Flames blur after I can’t recall how many glasses of Zin, our glasses always replenished in our conversation from unique sides of the world of business. The dinner I hosted which I feared would be a disaster ended up working quite well – with an academic, a mid-career professional, early career professional, consultant, a peer from my company and myself – it made for a really great mix of people and fascinating evening.
I didn’t sleep last night and I feel as if my heart is about to give out. It’s only 9:40pm but I soon will close my eyes and drift off to sleep. The wine helps. My thoughts are a mix of hope and sadness. I feel as if I’m the flame in the burning solo candle in the middle of the table towards the end of the dinner when the conversation around goes on and laughter is rampant yet the candle is burning low as its wax melts into nothingness, it’s bright flame unaware of its inevitable fate.
My voice is so annoying and I always feel out of place. I don’t feel like I said anything inappropriate but nonetheless I thought I talked too much and didn’t add any value. The only time I EVER feel like I did something decent is when I say something funny and someone laughs. This is my savior. Without it I am completely and utterly alone. Making others laugh doesn’t make me fit in, but it gives me a purpose. That is what I love.

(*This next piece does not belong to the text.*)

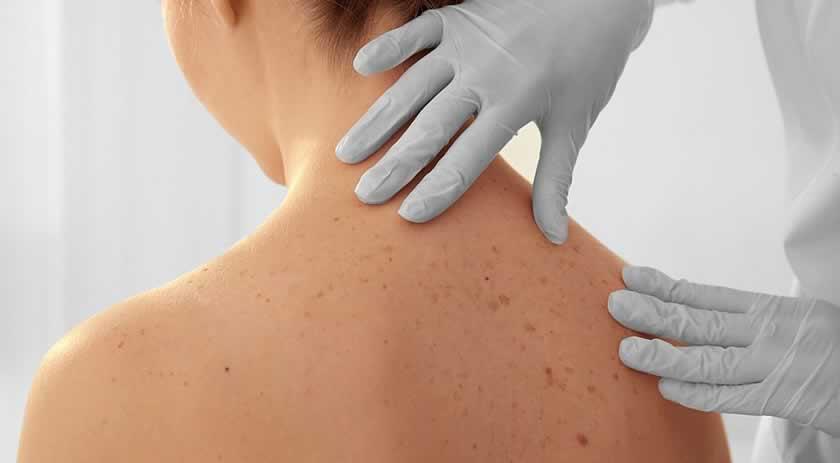 Câncer de Pele é o tipo mais comum de câncer no Brasil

I need sleep. Soon morning will come. I am so stressed out and sad about my job. I wish I could be more appreciated. It’s my own fault that I’m not. Bu there are things I do that I believe have a lot of value but who cares. It is too late now. I am on my way out. I have to accept that and move on. But I’m so sad because I really like this industry and the people I have the opportunity to get to know. Usually I just hate everything about a job before I leave. This time… I’m mixed. I wish it had turned out better. But I need to get out soon.